What to work on:
Would you retype the listing below word for word, without any of its pictures?

Dataset extract:

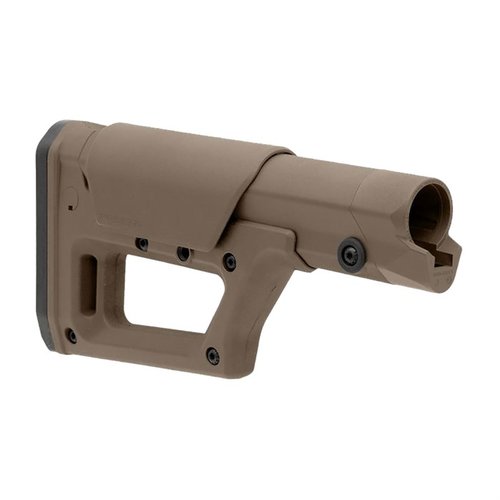 Magpul PRS Lite er en lett og justerbar buttstock for AR-15 og AR .308, med høyde- og lengdejustering, laget for å tåle tøffe forhold.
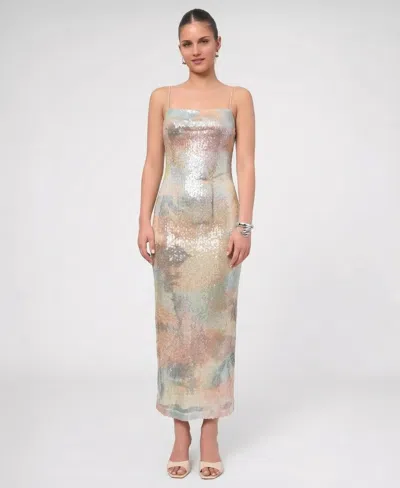 Rachel Rachel Roy Women's Sable Sequin Square Neck Midi Dress In Orange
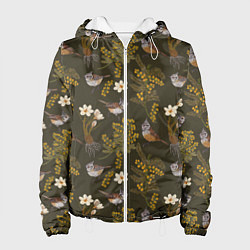 Женская куртка Хохлатые синицы и мимоза паттерн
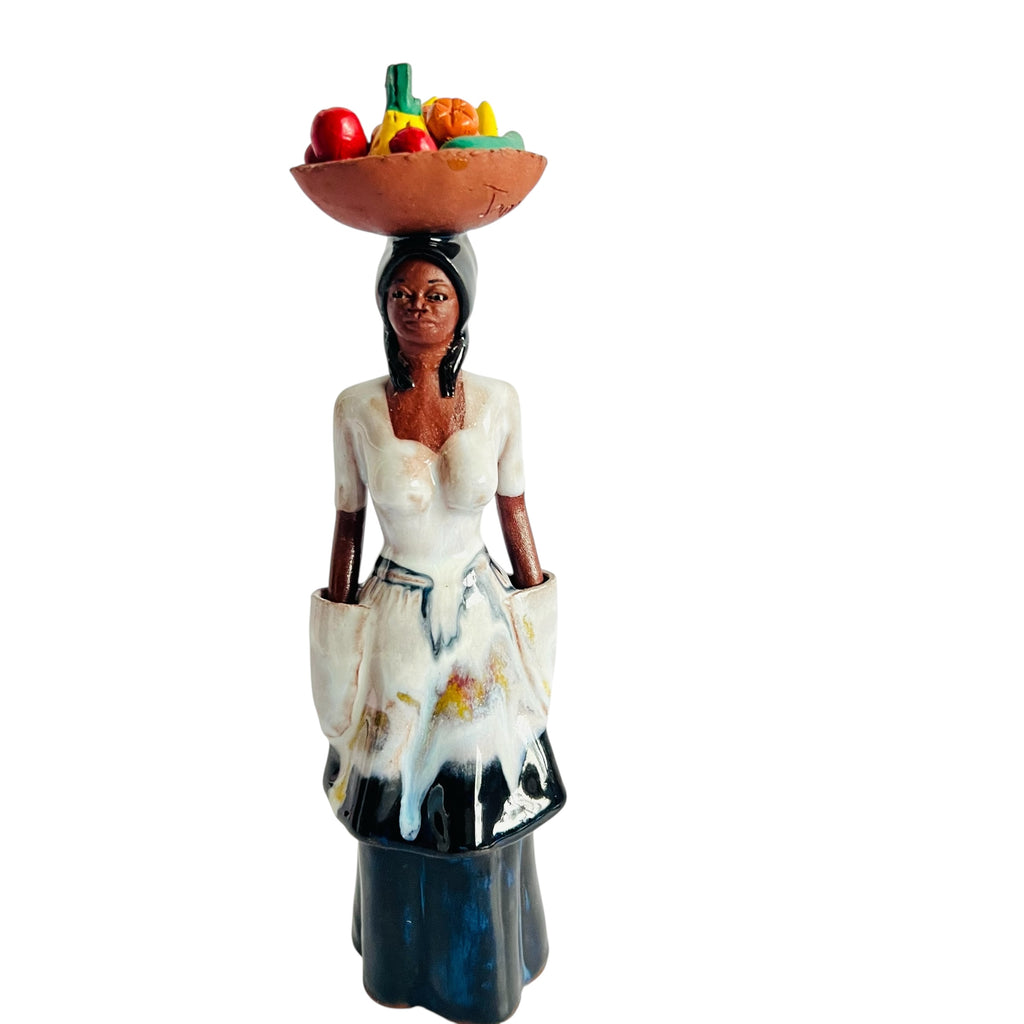 Vintage Jamaican Island Girl Sculpture Fruit Basket Caribbean Figure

The answer:
 Magpul PRS Lite er en lett og justerbar buttstock for AR-15 og AR .308, med høyde- og lengdejustering, laget for å tåle tøffe forhold.
 Rachel Rachel Roy Women's Sable Sequin Square Neck Midi Dress In Orange
 Женская куртка Хохлатые синицы и мимоза паттерн
 Vintage Jamaican Island Girl Sculpture Fruit Basket Caribbean Figure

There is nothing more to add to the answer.